# COL216 Assigment - 3

Ponnada Rajasree (2023CS10015) — Amagoth Saisrishanth (2023CS50696)

April 30, 2025

# 1 Assumptions

- Bus Arbitration Implementation: Implemented a deterministic Round-Robin arbitration scheme starting from Core 0, instead of true random arbitration, to ensure simulation reproducibility.
- Bus Transaction Atomicity: Once a transaction wins arbitration, it occupies the bus for its entire duration (1, 2N, or 100 cycles) without interruption. Snooping occurs concurrently.
- BusUpgr Latency: Assumed a minimal bus latency of 1 cycle for the BusUpgr signal.
- Data Source on BusRdX Hitting E State: Data is assumed to come from memory (with 100 cycle latency) per Slide 22, despite possible C2C optimizations.
- Definition of "Idle Cycles": Cycles where either the core\_stalled\_on\_cache or needs\_completion\_cycle flag is true, indicating waiting for cache response or completing a miss.
- Definition of "Total Execution Cycles" (Per Core): Defined as the global\_cycle count when the entire simulation finishes (all cores complete traces and pending cache operations).
- Address Decomposition: Used low-order bits for block offset, followed by set index bits, with remaining bits as tag. Handled the case s=0 for fully associative caches.
- Word Size: Consistently assumed a 4-byte word size for calculations, including computing N for C2C latency (N = BlockSize/4).
- Additional 100 Cycles: Interpreted memory/WB latency ("100 cycles") as the time the transaction occupies the bus, affecting core stall time accordingly.
- Integer Sizes: Used uint32\_t for addresses and uint64\_t for cycle counts and statistic counters to prevent overflow.
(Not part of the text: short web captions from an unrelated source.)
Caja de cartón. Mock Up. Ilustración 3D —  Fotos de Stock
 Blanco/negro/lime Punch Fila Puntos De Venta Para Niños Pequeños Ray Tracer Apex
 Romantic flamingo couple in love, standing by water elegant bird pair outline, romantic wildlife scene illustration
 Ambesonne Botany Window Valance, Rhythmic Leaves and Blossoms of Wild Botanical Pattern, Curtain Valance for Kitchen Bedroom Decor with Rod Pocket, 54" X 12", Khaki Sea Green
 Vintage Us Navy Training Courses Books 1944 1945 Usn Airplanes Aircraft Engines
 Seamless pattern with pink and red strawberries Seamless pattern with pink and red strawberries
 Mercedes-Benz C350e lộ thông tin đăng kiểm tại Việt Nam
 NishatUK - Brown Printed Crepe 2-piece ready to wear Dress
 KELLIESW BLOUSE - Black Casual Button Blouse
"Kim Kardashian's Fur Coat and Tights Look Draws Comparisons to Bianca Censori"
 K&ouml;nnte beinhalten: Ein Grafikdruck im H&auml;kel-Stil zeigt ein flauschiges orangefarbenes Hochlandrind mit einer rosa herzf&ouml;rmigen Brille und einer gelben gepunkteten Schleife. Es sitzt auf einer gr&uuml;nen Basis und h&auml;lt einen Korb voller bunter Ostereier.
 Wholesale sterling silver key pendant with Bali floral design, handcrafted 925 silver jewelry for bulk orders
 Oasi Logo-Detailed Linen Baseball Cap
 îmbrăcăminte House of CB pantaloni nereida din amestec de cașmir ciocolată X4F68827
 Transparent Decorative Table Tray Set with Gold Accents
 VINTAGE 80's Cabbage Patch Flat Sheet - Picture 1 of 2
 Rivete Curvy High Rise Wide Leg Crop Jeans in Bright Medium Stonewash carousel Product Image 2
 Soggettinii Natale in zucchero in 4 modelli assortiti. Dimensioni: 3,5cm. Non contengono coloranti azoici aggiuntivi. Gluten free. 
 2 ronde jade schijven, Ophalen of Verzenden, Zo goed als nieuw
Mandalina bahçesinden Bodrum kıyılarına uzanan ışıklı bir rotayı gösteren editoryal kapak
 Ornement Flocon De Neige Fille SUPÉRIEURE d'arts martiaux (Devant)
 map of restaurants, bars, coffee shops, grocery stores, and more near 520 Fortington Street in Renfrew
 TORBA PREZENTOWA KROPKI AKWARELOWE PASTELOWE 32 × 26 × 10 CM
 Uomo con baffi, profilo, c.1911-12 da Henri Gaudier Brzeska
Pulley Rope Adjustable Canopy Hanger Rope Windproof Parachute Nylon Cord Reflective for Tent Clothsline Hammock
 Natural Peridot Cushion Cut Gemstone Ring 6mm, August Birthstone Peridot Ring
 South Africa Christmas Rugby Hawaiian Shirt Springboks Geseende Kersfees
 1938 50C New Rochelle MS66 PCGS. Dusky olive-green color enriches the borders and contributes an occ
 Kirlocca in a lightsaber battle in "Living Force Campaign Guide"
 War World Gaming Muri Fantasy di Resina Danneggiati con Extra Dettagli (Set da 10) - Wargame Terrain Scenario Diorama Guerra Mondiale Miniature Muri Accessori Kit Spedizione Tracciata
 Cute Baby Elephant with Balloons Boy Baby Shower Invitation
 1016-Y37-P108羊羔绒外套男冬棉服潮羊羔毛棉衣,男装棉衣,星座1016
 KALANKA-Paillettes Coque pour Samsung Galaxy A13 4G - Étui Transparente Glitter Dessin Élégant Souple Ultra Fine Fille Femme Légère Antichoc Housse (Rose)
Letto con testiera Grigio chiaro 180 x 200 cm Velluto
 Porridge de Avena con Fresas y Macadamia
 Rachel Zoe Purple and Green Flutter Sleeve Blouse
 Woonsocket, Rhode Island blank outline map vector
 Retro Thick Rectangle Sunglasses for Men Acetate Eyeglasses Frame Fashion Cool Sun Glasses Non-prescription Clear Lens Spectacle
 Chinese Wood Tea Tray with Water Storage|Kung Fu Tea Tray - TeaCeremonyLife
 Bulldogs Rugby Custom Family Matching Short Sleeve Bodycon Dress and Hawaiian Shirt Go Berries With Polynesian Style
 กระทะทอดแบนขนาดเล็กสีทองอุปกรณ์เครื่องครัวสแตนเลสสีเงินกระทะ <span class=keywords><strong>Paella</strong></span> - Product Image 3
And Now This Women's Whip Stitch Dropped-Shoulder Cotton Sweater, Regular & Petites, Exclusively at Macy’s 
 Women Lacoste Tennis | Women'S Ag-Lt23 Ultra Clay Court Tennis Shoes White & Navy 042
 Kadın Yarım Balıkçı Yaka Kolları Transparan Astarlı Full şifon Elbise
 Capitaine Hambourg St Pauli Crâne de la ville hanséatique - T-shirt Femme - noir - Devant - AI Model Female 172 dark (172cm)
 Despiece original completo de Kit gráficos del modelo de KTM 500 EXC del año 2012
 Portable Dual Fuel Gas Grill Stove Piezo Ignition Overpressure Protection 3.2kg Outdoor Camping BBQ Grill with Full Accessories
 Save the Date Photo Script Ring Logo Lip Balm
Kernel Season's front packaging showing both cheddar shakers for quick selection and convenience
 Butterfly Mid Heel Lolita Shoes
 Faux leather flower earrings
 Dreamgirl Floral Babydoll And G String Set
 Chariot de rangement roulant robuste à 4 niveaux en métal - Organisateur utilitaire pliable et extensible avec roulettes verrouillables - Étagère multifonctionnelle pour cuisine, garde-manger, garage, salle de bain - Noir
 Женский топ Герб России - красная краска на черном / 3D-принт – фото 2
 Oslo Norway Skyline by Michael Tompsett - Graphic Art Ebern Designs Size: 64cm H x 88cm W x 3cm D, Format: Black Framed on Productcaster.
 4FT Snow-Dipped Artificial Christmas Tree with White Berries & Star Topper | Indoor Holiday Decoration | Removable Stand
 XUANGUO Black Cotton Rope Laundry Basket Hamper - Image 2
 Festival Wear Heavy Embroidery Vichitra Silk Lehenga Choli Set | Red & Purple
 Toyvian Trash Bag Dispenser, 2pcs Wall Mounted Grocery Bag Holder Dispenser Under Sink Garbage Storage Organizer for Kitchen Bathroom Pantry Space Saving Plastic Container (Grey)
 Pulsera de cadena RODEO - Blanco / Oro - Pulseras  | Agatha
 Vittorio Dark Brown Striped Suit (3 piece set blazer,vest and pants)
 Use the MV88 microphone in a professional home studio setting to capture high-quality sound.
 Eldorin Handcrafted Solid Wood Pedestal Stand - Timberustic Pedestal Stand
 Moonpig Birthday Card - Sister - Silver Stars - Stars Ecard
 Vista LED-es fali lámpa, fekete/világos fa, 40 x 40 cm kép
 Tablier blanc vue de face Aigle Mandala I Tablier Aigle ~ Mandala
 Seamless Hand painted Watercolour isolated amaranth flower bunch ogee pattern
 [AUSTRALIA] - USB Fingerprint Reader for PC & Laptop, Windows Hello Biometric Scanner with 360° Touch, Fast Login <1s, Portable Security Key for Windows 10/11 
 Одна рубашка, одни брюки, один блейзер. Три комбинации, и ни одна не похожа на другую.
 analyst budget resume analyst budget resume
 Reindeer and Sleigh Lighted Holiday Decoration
# 2 Implementation Overview

### 2.1 Main Classes and Data Structures

The project consists of the following primary modules:

- Bus: Handles arbitration between cores for memory access, snooping, and bus transactions (read, writeback, upgrade).
- Cache: Implements a per-core private L1 cache with MESI coherence protocol, LRU replacement, and handles cache misses.
- Core: Simulates instruction execution, interacts with its private cache, and tracks stalls due to cache misses
- Stats: Collects detailed statistics including instructions, stalls, cache misses, evictions, writebacks, and bus traffic.

• Simulator: Coordinates global clock cycles, runs cores and bus, checks simulation completion.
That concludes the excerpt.